I expect his speech, hosted by The Jefferson Council and the Young Americans for Freedom December 5, 7:00 p.m. to 9:00 p.m. at the University of Virginia, to be equally entertaining. The title: “Narrative vs Reality – from UVA to the USA and Beyond.” (To register click here.)
Warning: Lefties have been trying to sabotage the speech by filling up The Jefferson Council’s Eventbrite registration system with spam registrations. We clean out the fakes every day, and they fill the system back up every day. If you see a message stating that the event has sold out, don’t believe it. At this point in time, there are plenty of seats available.
If you are thwarted in your registration effort, email me, and I’ll take care of it. Send your first name, last name, and the number of tickets you want (up to two) to [email protected]. I’ll get it to the right people.
Reilly, an African-American political science professor at Kentucky State University, has carved out a niche in the conservative media/publishing ecosystem as a debunker of leftist myths.

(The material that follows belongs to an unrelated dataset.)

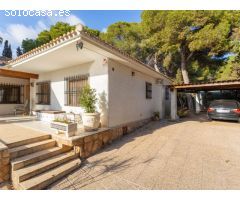 Fantástica villa con gran parcela y piscina privada cerca del mar en Campoamor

Though jovial in demeanor, he is merciless in dispensing with intellectual nonsense that is grounded in ideology, not fact.
I’m looking forward to what he has to say about the framing of history at UVA and universities generally. I think it’s pretty safe to say he won’t be giving any Monacan land acknowledgements or trashing Thomas Jefferson as a slave-holding rapist. Bacon’s Rebellion readers will be well rewarded for undertaking the trek to Charlottesville to hear one of America’s most entertaining myth busters.